By Monday morning, I was frantic. I awakened knowing that something terrible had happened. To make a long story short, some investigation around the neighborhood turned up his body. My friends went knocking on doors. As well as I can piece it together, this is what happened:
I left for Herkimer. Sometime between the time I left and the time I returned, Moby was on his way home from across the street and got hit and killed by someone who didn’t even stop. Now, this was a 20 pound cat. There’s no way anyone could have mistaken him for a bump in the road. My neighbor across the street picked him up out of the road so his kids wouldn’t see the cat and be upset (since they just lost their little dog to the same road the week before). He placed Moby’s body back in the woods behind his house — something I am grateful for, actually. Because he did that (instead of calling the town to pick him up or throwing him in the trash), I was able to recover his body and bring him home. And even though it kept Moby’s death from me for two days, it also kept his body from being further damaged by other vehicles. (One should be grateful for whatever one can.) We buried him in the garden with honor and a ceremony befitting a great spirit.

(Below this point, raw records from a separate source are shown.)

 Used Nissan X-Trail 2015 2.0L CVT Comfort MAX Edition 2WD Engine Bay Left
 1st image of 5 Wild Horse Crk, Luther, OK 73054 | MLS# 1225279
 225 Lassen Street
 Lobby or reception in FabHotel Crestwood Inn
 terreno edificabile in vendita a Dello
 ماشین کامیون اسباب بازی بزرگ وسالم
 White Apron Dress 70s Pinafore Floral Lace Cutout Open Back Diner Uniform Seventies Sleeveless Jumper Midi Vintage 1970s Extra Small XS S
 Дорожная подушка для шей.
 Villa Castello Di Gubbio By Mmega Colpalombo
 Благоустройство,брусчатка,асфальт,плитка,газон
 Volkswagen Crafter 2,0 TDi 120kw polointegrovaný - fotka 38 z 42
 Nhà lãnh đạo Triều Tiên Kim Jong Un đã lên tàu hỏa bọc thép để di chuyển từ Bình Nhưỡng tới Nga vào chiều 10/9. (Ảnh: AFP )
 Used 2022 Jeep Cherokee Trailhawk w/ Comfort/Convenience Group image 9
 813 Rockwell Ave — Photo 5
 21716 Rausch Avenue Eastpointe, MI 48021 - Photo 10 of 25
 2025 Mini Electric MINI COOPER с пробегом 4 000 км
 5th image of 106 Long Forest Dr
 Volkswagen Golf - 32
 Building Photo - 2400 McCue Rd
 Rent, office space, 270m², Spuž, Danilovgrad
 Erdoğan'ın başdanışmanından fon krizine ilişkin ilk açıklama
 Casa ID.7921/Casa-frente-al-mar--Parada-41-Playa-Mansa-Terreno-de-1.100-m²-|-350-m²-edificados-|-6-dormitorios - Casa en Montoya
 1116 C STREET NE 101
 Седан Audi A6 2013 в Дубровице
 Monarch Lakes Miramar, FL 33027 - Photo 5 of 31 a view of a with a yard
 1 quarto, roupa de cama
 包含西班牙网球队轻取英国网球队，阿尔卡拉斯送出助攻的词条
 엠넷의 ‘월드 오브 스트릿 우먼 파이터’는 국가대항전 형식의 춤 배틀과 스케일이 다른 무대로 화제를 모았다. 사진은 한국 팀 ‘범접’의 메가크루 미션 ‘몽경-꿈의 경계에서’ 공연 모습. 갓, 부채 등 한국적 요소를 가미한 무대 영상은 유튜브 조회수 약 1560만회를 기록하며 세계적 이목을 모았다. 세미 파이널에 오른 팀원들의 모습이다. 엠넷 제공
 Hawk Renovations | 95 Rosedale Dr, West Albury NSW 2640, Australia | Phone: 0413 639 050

It used to give me such great joy every day just to see him, and I marveled at being so loved by this wonderful cat. He followed me from room to room like a puppy…always had to be wherever I was. He was amazingly kind to small children, forgiving every pulled tail and unintentional indignity they showered upon him. Everyone who knew him, loved him.
I still see him everywhere, in my mind’s eye…by the kitchen counter, where he used to beg for dog food alongside Connor, in the bay window where he loved to wait for me to come home, in the garden nibbling the catnip, sleeping curled up in this chair or that one, flopping in front of me to get his belly rubbed, running joyfully across the yard to join me as I came in from the barn…there is no place on my farm that doesn’t remind me of Moby. I can’t stop crying. I can’t stop feeling like I have been sucker-punched in the gut by the universe. Repeatedly.
I know Moby was a free spirit on his own life path, making his own choices. I am grateful that our paths crossed for a time, but that time was far too brief, and the end so very unexpected. He was road-savvy. He was terrified of cars. And there is a stop sign quite near to where he was killed, so speed wasn’t (or should not have been) an issue. It doesn’t make sense — which leaves me with thoughts about humans behind the wheel of a car that are just too horrible to contemplate.
I will miss him forever. I maintain the hope of my faith that maybe he’ll decide to return to me someday, and that comforts me a bit. But right now, my loss is deep, and my heart is shattered.